Also, please have a look at the additional properties page in the wiki of the spec. I requested creating that page with source maps or DOM element linking in mind. It would be great if we could define a reusable standard structure for it. I have something like this in mind with all properties optional:

term.source = {
  url, // file or http URL
  line, // line number
  position, // start position of the token
  text, // text of the token
  element // DOM element for RDFa
}

I'm back in the week of 22nd of July. It would be great if we could keep the discussion open till the end of that week.

RubenVerborgh · 2024-07-07T12:19:58Z

@bergos

That may cause problems if someone else comes up with the same idea but with different properties.

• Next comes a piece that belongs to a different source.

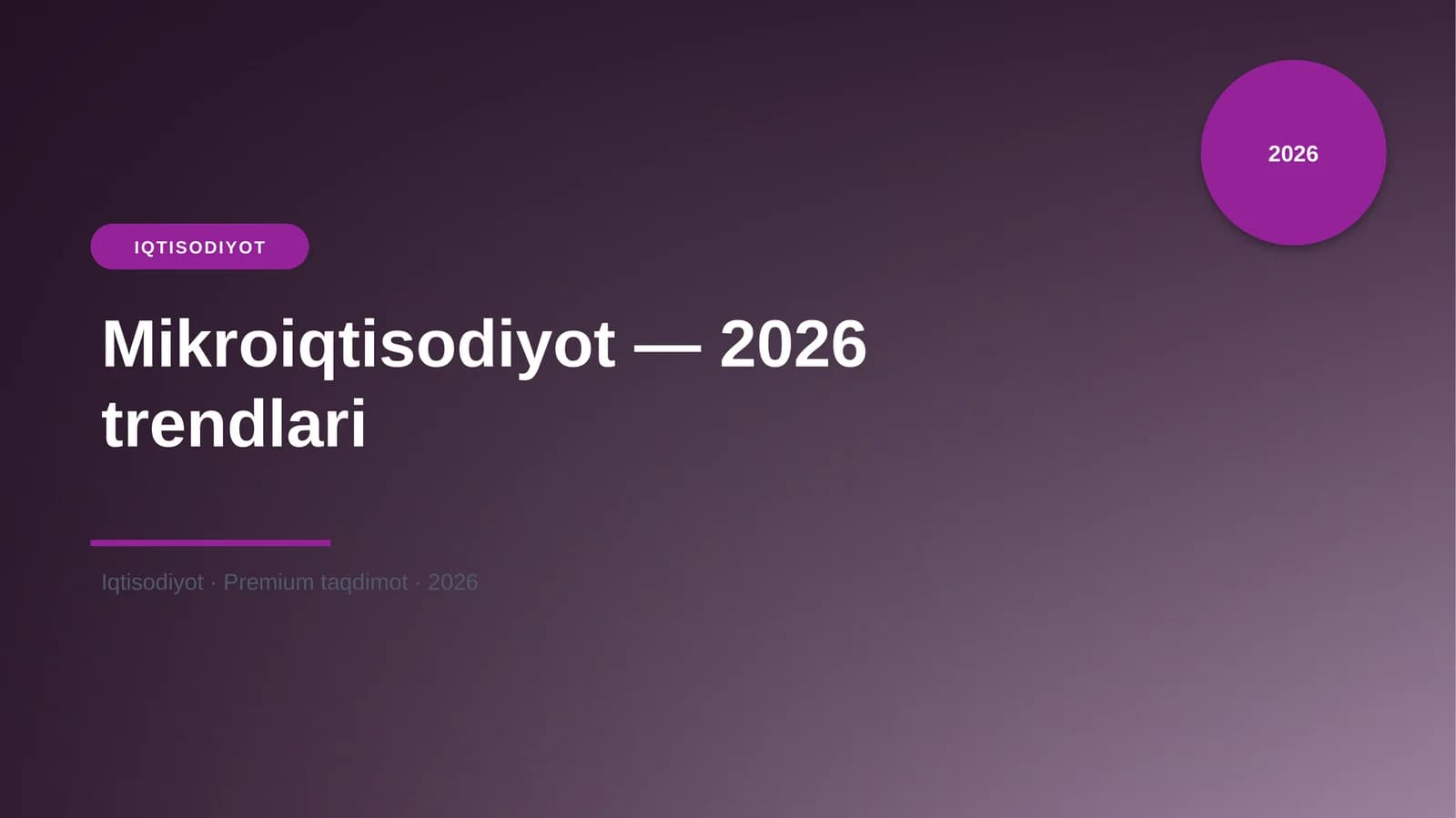 Mikroiqtisodiyot — 2026 trendlari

Indeed, and thanks for looking at this.

That's the main reason why I am proposing an object as an optional second argument, so { token } rather than directly token or even a string. This should give us the extensibility we're looking for.

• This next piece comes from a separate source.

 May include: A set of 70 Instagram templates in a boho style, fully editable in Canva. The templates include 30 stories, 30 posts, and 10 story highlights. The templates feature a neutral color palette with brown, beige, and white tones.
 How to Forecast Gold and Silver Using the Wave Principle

Just pass a flag to the constructor of the parser, and if it's set, set the properties after creating the Term instance

I could also agree with this; just not a big fan of external classes managing the internal state of another class. Plus, some factories could create frozen objects etc… I think the first approach, with an optional object, is actually the safest all things considered.

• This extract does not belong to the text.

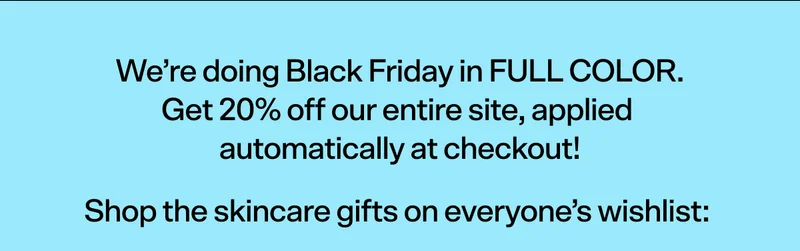 We’re doing Black Friday in FULL COLOR. Get 20% off our entire site, applied  automatically at checkout!  Shop the skincare gifts on everyone’s wishlist: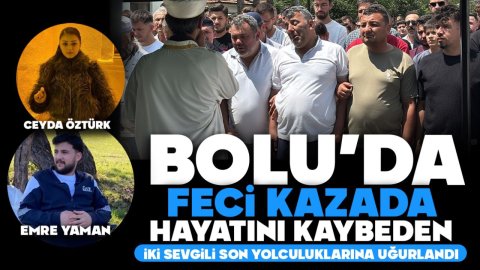 BOLU'DA FECİ KAZADA HAYATINI KAYBEDEN İKİ SEVGİLİ SON YOLCULUKLARINA UĞURLANDI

Also, please have a look at the additional properties page in the wiki of the spec. I requested creating that page with source maps or DOM element linking in mind. It would be great if we could define a reusable standard structure for it.

+1 to this

I'm back in the week of 22nd of July. It would be great if we could keep the discussion open till the end of that week.

We'll wait for you, mate. Would be good to have an RDF/JS issue open to track this then. Cheers!

bergos · 2024-07-23T23:06:13Z

@RubenVerborgh

That's the main reason why I am proposing an object as an optional second argument, so { token } rather than directly token or even a string. This should give us the extensibility we're looking for.

I agree with that. If we extend the interface, we will almost certainly use an additional object argument.

I dug a bit into the code. The debugger showed me that the token object has the following properties: type, value, prefix, line, start, end. That makes sense for the parser as an internal object, but as an additional property to the term object, I prefer something more self-describing for that context.

My proposal:

token -> source or origin
type -> textType or tokenType
value -> text or token
prefix -> keep
line -> keep
start -> keep
end -> keep

RubenVerborgh · 2024-07-24T12:09:00Z

Thanks @bergos!

Based on your comment, may I suggest to @faubulous:

source
tokenType
token
prefix
line
start
end

We should still retain backward compatibility with those who expect value/type to be there.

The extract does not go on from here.